_WHAT TO PRODUCE_
Copy out each line of the data below in which the string "image" appears.

Dataset excerpts:
#####

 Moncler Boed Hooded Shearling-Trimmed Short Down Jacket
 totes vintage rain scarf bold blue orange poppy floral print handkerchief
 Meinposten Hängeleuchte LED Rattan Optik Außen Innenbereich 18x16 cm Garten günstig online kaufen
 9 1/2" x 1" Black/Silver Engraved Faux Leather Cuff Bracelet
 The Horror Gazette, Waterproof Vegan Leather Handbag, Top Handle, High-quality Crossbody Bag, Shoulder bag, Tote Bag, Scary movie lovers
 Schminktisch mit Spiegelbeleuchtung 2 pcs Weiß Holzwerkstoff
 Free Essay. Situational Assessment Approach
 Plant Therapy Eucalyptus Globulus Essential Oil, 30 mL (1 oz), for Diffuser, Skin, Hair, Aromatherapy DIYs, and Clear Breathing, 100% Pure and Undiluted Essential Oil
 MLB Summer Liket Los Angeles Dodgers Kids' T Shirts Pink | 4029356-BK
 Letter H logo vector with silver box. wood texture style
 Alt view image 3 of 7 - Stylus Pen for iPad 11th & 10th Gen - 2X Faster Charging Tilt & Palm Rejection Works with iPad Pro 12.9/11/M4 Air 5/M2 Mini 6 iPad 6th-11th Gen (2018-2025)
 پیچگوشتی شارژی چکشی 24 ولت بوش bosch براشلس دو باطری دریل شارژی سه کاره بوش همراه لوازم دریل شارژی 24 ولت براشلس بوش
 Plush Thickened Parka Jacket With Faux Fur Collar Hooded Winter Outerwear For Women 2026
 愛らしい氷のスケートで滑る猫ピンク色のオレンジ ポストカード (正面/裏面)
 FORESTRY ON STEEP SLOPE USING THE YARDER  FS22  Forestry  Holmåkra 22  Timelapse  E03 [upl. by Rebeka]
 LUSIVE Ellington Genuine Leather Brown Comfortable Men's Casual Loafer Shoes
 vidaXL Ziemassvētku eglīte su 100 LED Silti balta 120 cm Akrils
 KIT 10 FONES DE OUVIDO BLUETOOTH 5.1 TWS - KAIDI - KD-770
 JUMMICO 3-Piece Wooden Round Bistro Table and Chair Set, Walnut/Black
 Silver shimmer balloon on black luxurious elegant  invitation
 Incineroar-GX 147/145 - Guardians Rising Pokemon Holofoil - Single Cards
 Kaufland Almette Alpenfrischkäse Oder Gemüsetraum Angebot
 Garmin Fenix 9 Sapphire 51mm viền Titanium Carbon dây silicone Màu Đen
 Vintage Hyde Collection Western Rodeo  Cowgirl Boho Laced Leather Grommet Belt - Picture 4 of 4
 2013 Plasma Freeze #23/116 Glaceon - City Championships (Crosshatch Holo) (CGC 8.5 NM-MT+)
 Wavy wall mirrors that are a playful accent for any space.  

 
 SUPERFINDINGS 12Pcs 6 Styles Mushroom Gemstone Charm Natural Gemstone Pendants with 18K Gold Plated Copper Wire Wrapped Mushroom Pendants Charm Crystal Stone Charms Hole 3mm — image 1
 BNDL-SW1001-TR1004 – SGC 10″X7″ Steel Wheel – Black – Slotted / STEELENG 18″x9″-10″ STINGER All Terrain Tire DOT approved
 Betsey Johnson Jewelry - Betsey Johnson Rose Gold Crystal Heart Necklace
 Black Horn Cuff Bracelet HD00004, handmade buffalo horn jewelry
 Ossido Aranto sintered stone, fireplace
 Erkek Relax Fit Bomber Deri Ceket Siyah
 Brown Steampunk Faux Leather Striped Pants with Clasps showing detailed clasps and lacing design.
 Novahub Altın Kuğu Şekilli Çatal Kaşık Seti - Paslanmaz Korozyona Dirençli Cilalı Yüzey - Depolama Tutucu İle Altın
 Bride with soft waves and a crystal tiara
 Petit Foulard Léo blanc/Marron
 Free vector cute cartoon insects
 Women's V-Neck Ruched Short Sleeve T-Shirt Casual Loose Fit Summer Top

#####

_RESULT OF THIS TASK_
 Alt view image 3 of 7 - Stylus Pen for iPad 11th & 10th Gen - 2X Faster Charging Tilt & Palm Rejection Works with iPad Pro 12.9/11/M4 Air 5/M2 Mini 6 iPad 6th-11th Gen (2018-2025)
 SUPERFINDINGS 12Pcs 6 Styles Mushroom Gemstone Charm Natural Gemstone Pendants with 18K Gold Plated Copper Wire Wrapped Mushroom Pendants Charm Crystal Stone Charms Hole 3mm — image 1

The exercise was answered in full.